Страница:
18 из 36
Хорошо, что мне надо было в этот день ехать в ночь на работу. Я не знал бы, куда девать себя, - такая на меня не то что злость, а какая-то злая тоска напала. Я, наверно, напился бы в этот день до потери сознания, если б мне не на работу.
Но утром опять все повторяется по-хорошему.

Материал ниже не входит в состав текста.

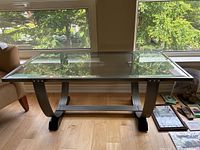 Photo showing front view of the coffee table with metal frame and clear glass top in front of window.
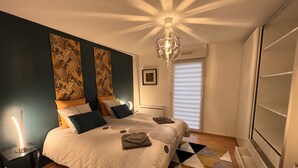 Un dormitorio con cama, una mesita de noche, una lámpara, un candelabro y una ventana con persianas.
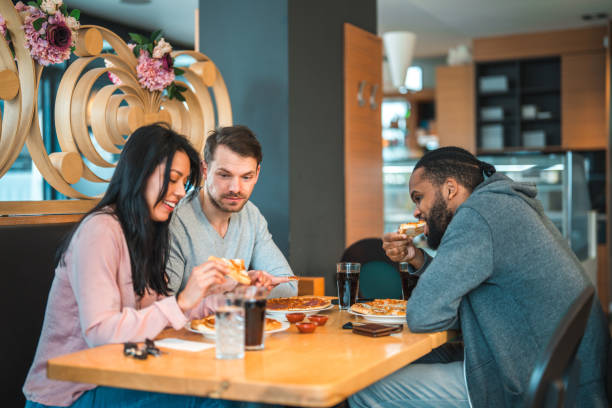 istock Diverse Friends Eating Pizza And Drinking Soft Drinks 1458547788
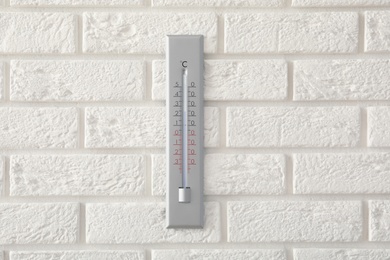 Weather thermometer hanging on white brick wall Photo of Weather thermometer hanging on white brick wall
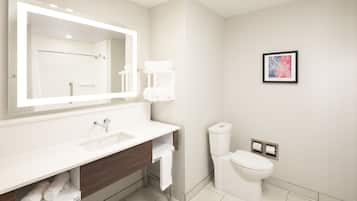 A modern bathroom with a large mirror, white sink, and toilet.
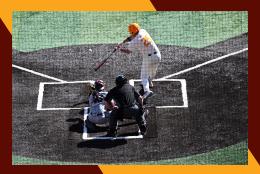 A Tennessee Vols player swings while a Texas A&M catcher awaits the pitch.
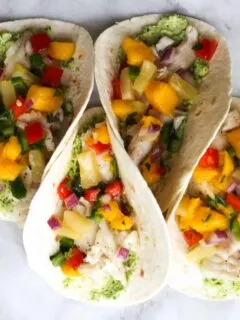 These Fish Tacos with Pineapple Mango Salsa are an easy and flavorful dish for the summer!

Танюшка, как всегда, после моей ночной смены, веселая, какая-то душистая, в пестреньком легком халатике, встречает меня у дверей. Ей же на работу, в кафе чаще всего - с двенадцати. Уже затопила колонку, чтобы я мог помыться. И щебечет, щебечет вокруг меня.

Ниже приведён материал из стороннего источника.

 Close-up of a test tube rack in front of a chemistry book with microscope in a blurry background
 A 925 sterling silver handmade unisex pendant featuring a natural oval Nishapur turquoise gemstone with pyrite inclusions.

- Яишенку тебе или картошечки пожарю? - и кладет мне руки вот этак на плечи. - Устал, замаялся? - спрашивает.
Ну как тут будешь сердиться? Это же кем надо быть, чтобы сердиться?
Больше того, я вам скажу, мне даже стыдно бывало в такой момент, что я сердился только что. Ну, словом, тот лозунг, что я вколотил себе в башку и первый раз объявил своей матери, я все время не забывал: что было, мол, то было, того поминать мы теперь не можем, а жизнь дальше идет.
С Эльвирой я больше не заводил посторонних разговоров - про Шурика или про какого-то Потапова, старался, чтобы она их поскорее забыла. Приносил ей игрушки, сладости, ну, что ребенку надо. Играл с ней. Даже на руках два раза перед ней прошелся, - невесть какая хитрая штука. Но сердце к Эльвире, - хотя она и вылитая я, - у меня, откровенно скажу, не лежало. Говорил я себе, что это, мол, дочь твоя, что ты обязан и все такое, а сердце все равно не лежало. Но это уж, наверно, особый разговор.